Being Honest About Gay Marriage

December 15, 2006 – 12:45 pm

CNN has an article today on their website about President Bush’s reaction to the pregnancy of Mary Cheney, the Vice President’s daughter. As you may know, Mary Cheney is gay, and she and her partner are expecting their first child. Here is what the president had to say:

“I think Mary is going to be a loving soul to her child. And I’m happy for her,” Bush said in an interview with People magazine.

President Bush was asked how this fit in with his well known political opposition to gay marriage and to the idea of a monogamous gay couple raising a child:

In a 2005 interview with The New York Times, Bush said: “I believe children can receive love from gay couples. But the ideal is — and studies have shown that –the ideal is where a child is raised in a married family with a man and a woman.”

He sidestepped the issue when questioned by People magazine about whether he still held that belief.

“Mary Cheney is going to make a fine mom, and she’s going to love this child a lot,” he said, according to an excerpt from the interview.
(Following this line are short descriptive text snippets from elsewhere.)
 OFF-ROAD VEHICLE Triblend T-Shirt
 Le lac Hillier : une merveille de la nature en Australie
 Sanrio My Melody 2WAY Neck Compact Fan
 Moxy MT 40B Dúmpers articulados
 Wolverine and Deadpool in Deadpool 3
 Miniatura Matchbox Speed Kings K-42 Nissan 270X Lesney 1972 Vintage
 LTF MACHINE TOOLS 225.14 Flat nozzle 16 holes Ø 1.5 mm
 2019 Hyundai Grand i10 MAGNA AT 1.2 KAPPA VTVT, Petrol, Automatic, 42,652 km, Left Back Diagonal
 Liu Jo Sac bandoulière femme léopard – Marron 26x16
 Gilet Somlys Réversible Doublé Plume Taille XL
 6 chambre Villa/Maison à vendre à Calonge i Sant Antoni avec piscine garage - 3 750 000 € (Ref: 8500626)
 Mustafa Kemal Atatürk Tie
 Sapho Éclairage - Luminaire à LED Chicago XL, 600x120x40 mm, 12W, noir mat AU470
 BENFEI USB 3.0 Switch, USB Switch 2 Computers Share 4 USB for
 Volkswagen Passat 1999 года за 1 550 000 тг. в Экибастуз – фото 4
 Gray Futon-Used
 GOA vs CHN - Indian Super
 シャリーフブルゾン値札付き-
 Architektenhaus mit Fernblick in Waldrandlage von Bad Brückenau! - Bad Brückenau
And here we reach a conundrum for the president. If the president really thinks gay couples raising children are a threat to the American family, that most fundamental of societal units that is holding the very fabric of our nation together, shouldn’t the president speak up? He could say something like, “I think the decisions Mary Cheney and her partner have made threaten the American family and should be guarded against at all cost.” But he doesn’t say that. He says “Mary Cheney is going to make a fine mom, and she’s going to love this child a lot.”

The president has thus made two statements: (1) he thinks gay couples pose a unique risk to the children they choose to raise, and (2) Mary Cheney is going to make a fine mom and will love her child. How do those jive? Let’s give the president the benefit of the doubt and say he believes both statements are true. The question to the president should then be, “What makes Mary Cheney unique among gay parents that will allow her to ‘make a fine mom’?” I sure would like to know why Mary Cheney is the exception to the rule and why we should expect gay parents at large to be a threat to the well-being of children they choose to raise.

And, since he acknowledges that empirically some gay couples are able to make fine parents and love their children, why should we legislate against a whole class of potential parents in the form of attacks on gay marriage? There are plenty of straight couples that make really crappy parents. Should we just ban marriage altogether?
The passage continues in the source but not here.